Jim Woods, The Deep Woods
The O’Shares FTSE Europe Quality Dividend ETF offers a relatively low-risk, low-volatility way to invest in out-of-favor international markets. To be considered for inclusion in the portfolio, targeted issuers must exhibit three main attributes: high quality, low volatility and high dividend yields.
While the ETF seeks out companies with solid dividend yields, the additional emphasis on quality gives the ETF a kind of safety net. As such, this fund’s respectable 3.7% yield is built on solid ground. Its top three European allocations are the United Kingdom, 28.7%; Switzerland, 18.7%; and France, 16.2%.

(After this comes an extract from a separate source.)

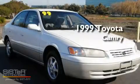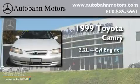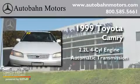This is a 1999 Toyota Camry. It has a 2.2-liter four-cylinder engine and an automatic transmission.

Its top three sectors by allocation are Healthcare, 19%; Consumer Goods, 18.1%; and Industrials, 15.4%. Investors interested in receiving a monthly dividend distribution through a low-volatility international fund may want to look into the O’Shares FTSE Europe Quality Dividend ETF.
The O’Shares FTSE Asia Pacific Quality Dividend ETF is a refined yet simple way for investors to play the dividend market in the Asia-Pacific region. The ETF chooses its holdings from the FTSE Developed Asia Pac Index, which is composed of roughly 800 of the largest publicly-listed companies within the developed Asia-Pacific region.
It screens the candidates and selects those that meet certain thresholds for market cap, liquidity, high quality, low volatility and dividend yield. The ETF is 44.05% invested in Japan, 26.25% in Australia, 14.08% in Hong Kong, 8% in South Korea and 5% in Singapore. The ETF pays a distribution yield of 5.03% and charges an expense ratio of 0.48%.